Shares fall 15% despite a healthy uplift in revenue
RPC profit surges but shares fall as plastics concerns grow
- Plastic packaging group posted full year results highlighting a 36% jump in revenue
- Despite a great set of results shares fell by as much as 15% on recycling regulation concerns
- The Share Centre recommends RPC as a ‘buy’ for higher risk investors
One of Europe’s largest plastics packaging groups RPC, has reported full year results this morning and on the face of it should have been very encouraging as revenues jumped by 36% to £3.7bn aided by track record of acquisitions and organic growth of 2.8%.
Meanwhile, adjusted operating profits grew by 16% and net cash flows from operating activities rose by 40%. These were a record year of profits for the group and acquisitions have enabled it to establish a global footprint. The dividend has also been taken up by 17%. The key performance measures all beat the markets expectations including an eps figure of 72p exceeding analyst estimates of 62.2p.

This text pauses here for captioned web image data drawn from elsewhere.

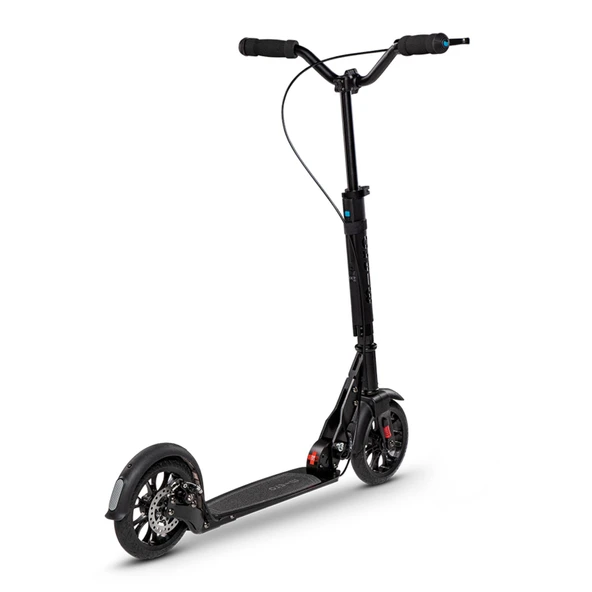 Micro Metropolitan Deluxe 2 Tekerlekli Scooter Black - Resim 3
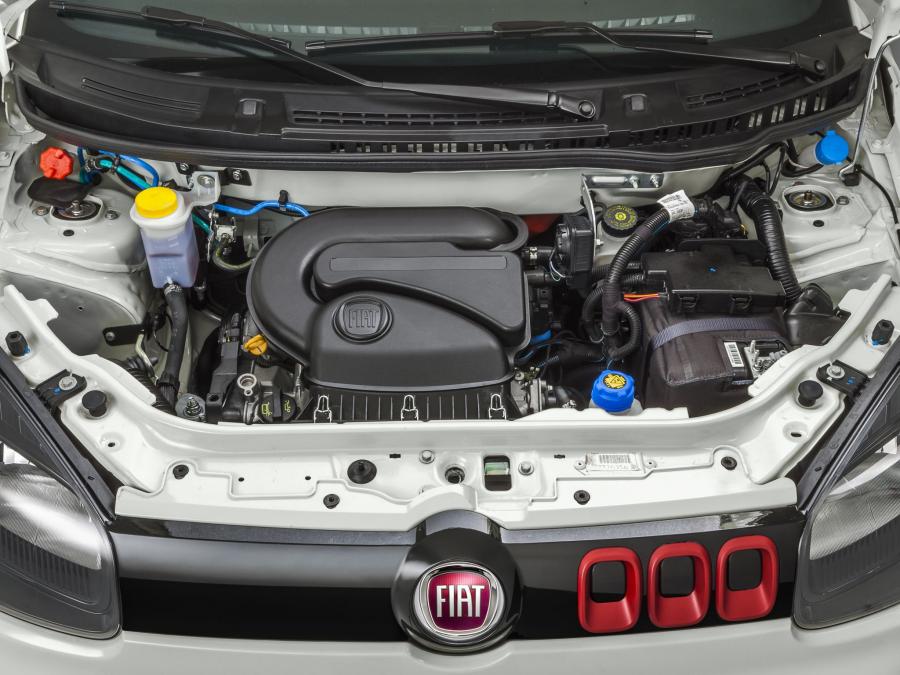  Fiat Uno Sporting 2014 года  (фото 21 из 30)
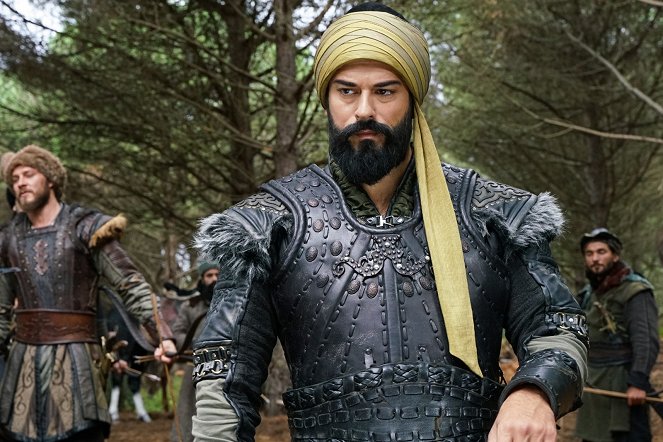 Kuruluş: Osman - Season 3 - De la película - Burak Özçivit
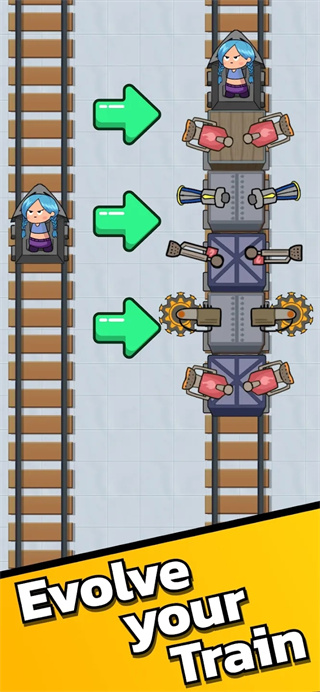 战争火车v0.0.1 安卓版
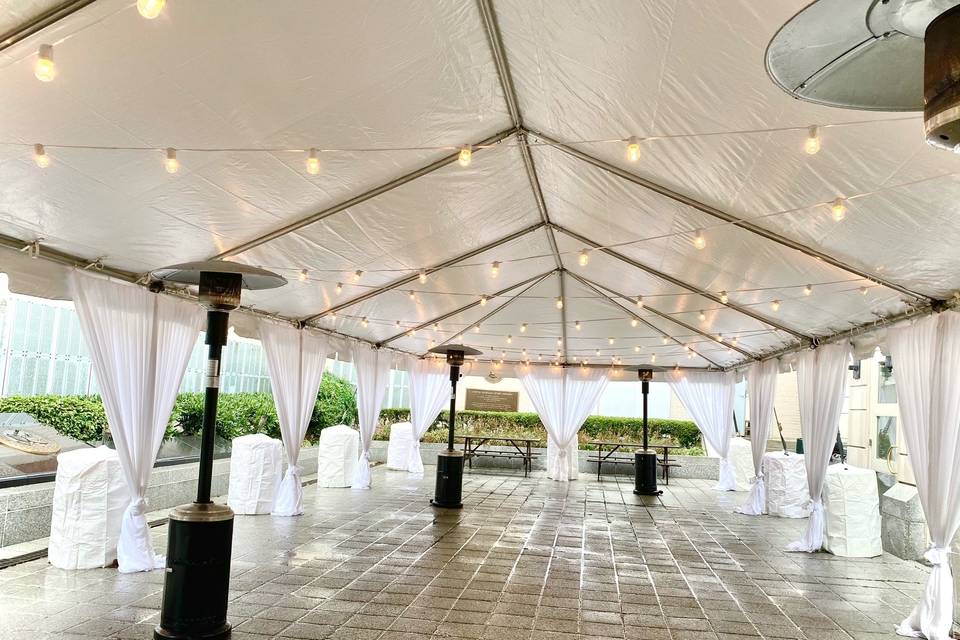 A Grand Event Tent & Event Rentals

Key to the success of the group has been better macro-economic trends of rising economic growth in Europe and global trade flows, but just as importantly is the trend towards online shopping which has its own additional needs for packaging.

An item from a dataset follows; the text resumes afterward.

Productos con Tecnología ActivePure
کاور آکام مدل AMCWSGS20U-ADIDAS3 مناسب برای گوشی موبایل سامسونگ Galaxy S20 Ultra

But the shares this morning have taken a deep dive, down as much as 15%, with it being difficult to pinpoint the disappointment in the results. However, the group and the plastics packaging industry has come under renewed pressure, spurred on by the Blue Planet II documentaries, to come up with better solutions to the recyclability and reusability of plastic packaging. The biggest fear is on tougher European legislation which seems likely, no doubt, it will have an impact on sales and earnings and make the task of delivering organic growth ahead of GDP a little more difficult.

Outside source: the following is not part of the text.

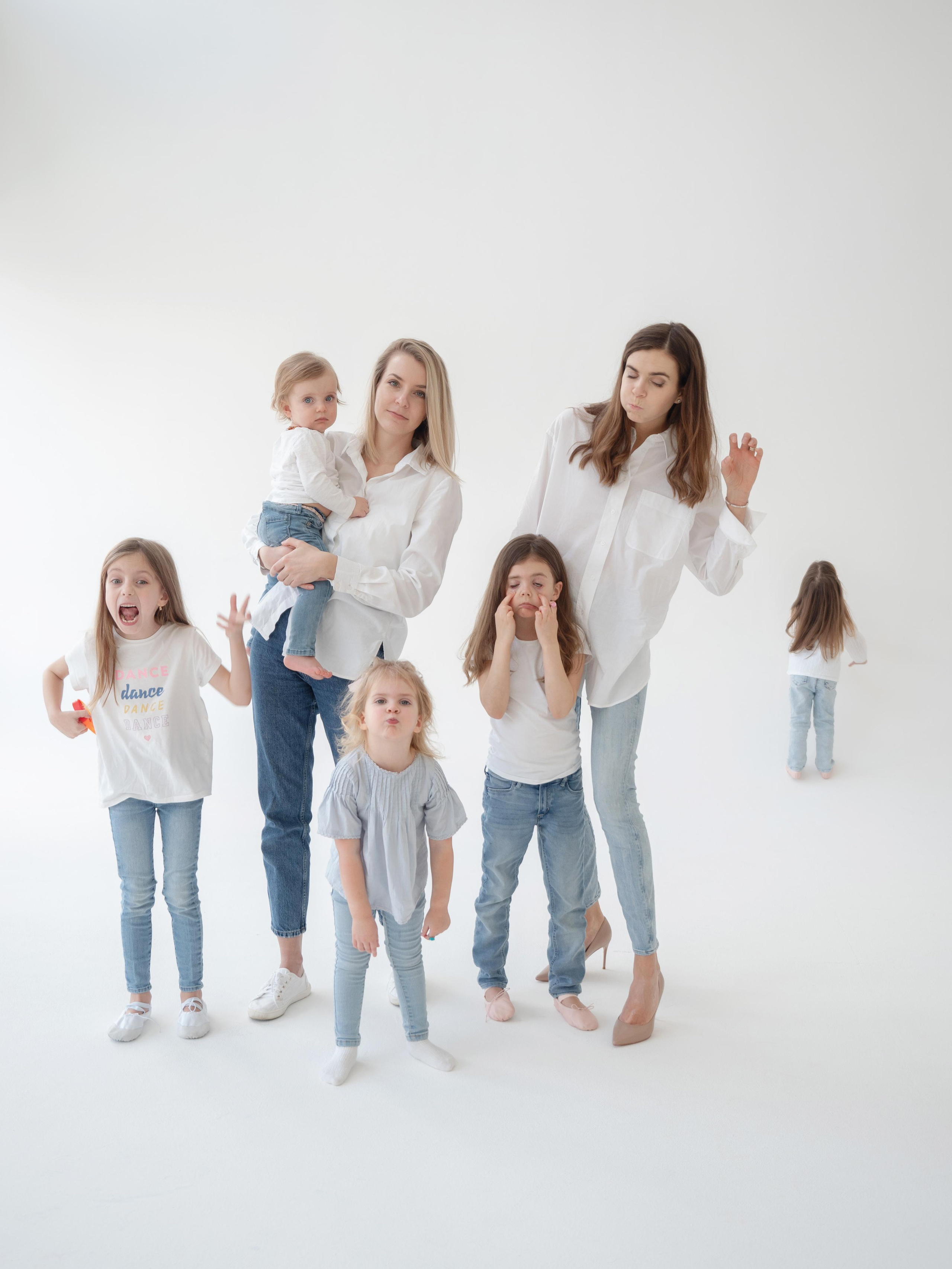 Семейные фотосессии. Алёна Орлова Портретный фотограф Москва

Management are aware of the risks and have announced plans to offload some assets while focussing on holding onto assets that can adapt to changing regulatory environment and consumer preferences on recyclability. This is the biggest risk to the sector and our hope is that management are taking the right steps to address issues. Over the years RPC has been a great performer and we still believe in the longer term potential of the stock, however, investors must be wary that the risk associated with the stock and the sector has gone up. Meanwhile, today’s dip may present an attractive opportunity for investors to buy on the dip for a longer term position in the stock.
Nonetheless, we retain our ‘buy’ recommendation due to the company's good growth record, potential for expansion and strong dividend policy although there is the potential that new measures to reduce plastic waste may impact the group in future, so the shares are for higher risk investors.